If these figures are confirmed once the final data are released, it would represent one of the sharpest contractions in ODA in recent decades. After several years of expansion, international development cooperation would be entering a phase of fiscal constraint.

The causes of this decline are multiple, but several stand out: budget cuts among major donors, reduced spending on refugees within donor countries, declining assistance to Ukraine, and the reallocation of resources toward defense budgets. Adding to this is an unprecedented development: for the first time, the five largest donors in nominal terms are simultaneously reducing their ODA levels (United States −25%; Germany −26.4%; Japan −14.8%; United Kingdom −19.6%; France −18.7%).

Digital Infrastructure and Investment Priorities

Beyond the total volume of aid, an analysis of its sectoral allocation reveals another important trend. Despite the fact that digital technologies are expected to play a central role in the productive transformations of the twenty-first century, and despite the already significant digital divide between countries, financing for digital infrastructure remains limited.

Here, a second methodological issue appears. In the DAC statistical classification system, there is no specific category grouping all cooperation related to the digital domain. As a result, any estimate must be constructed from projects classified under telecommunications and information technology codes.

This measurement gap also matters because closing digital gaps has become part of the broader debate on AI governance and sustainable development.

Using that approximation, ODA directed toward telecommunications networks, internet connectivity, information systems, and other digital infrastructure in recipient countries amounts to between USD 3 and 5 billion.

By contrast, financing for energy infrastructure, considering projects linked to electricity generation, renewable energy, transmission networks, and electrification, ranges between USD 18 and 25 billion. In other words, concessional financing for energy infrastructure is four to six times larger than that devoted to digital infrastructure.

Implications for International Cooperation

This difference is not accidental. It largely reflects the historical priorities of international cooperation, which have traditionally focused on physical infrastructure tied to the classic industrial model. That raises questions about the type of integration into the global economy that the current aid architecture is promoting.
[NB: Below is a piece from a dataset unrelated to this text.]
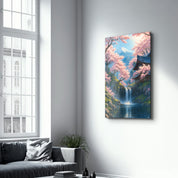 Glass wall art titled Tranquil Sakura Falls by Artdesigna, featuring a serene cherry blossom scene in vibrant colors.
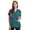 Carribean Blue Stretch Fabric, variant on Women's V-Neck Printed Scrub Top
What emerges is a pattern in which donors reinforce a model in which developing countries continue to serve as suppliers of strategic inputs, energy in this case, to sustain the global economy. In doing so, the system reproduces dynamics reminiscent of the historical integration of developing economies as providers of raw materials within the industrial economic order.

The figures reveal two parallel trends. On the one hand, ODA is responding to fiscal adjustments among DAC member countries, closing a cycle of growth that may remain subdued in a context of global tensions. On the other hand, this contraction does not alter the sectoral structure of development cooperation, which continues to prioritize more traditional infrastructure over investments in digital systems.

In this context, ODA is entering a phase of budgetary retrenchment while continuing to reproduce, within the emerging digital international system, the same structures of inequality that characterized the economic system we are now leaving behind.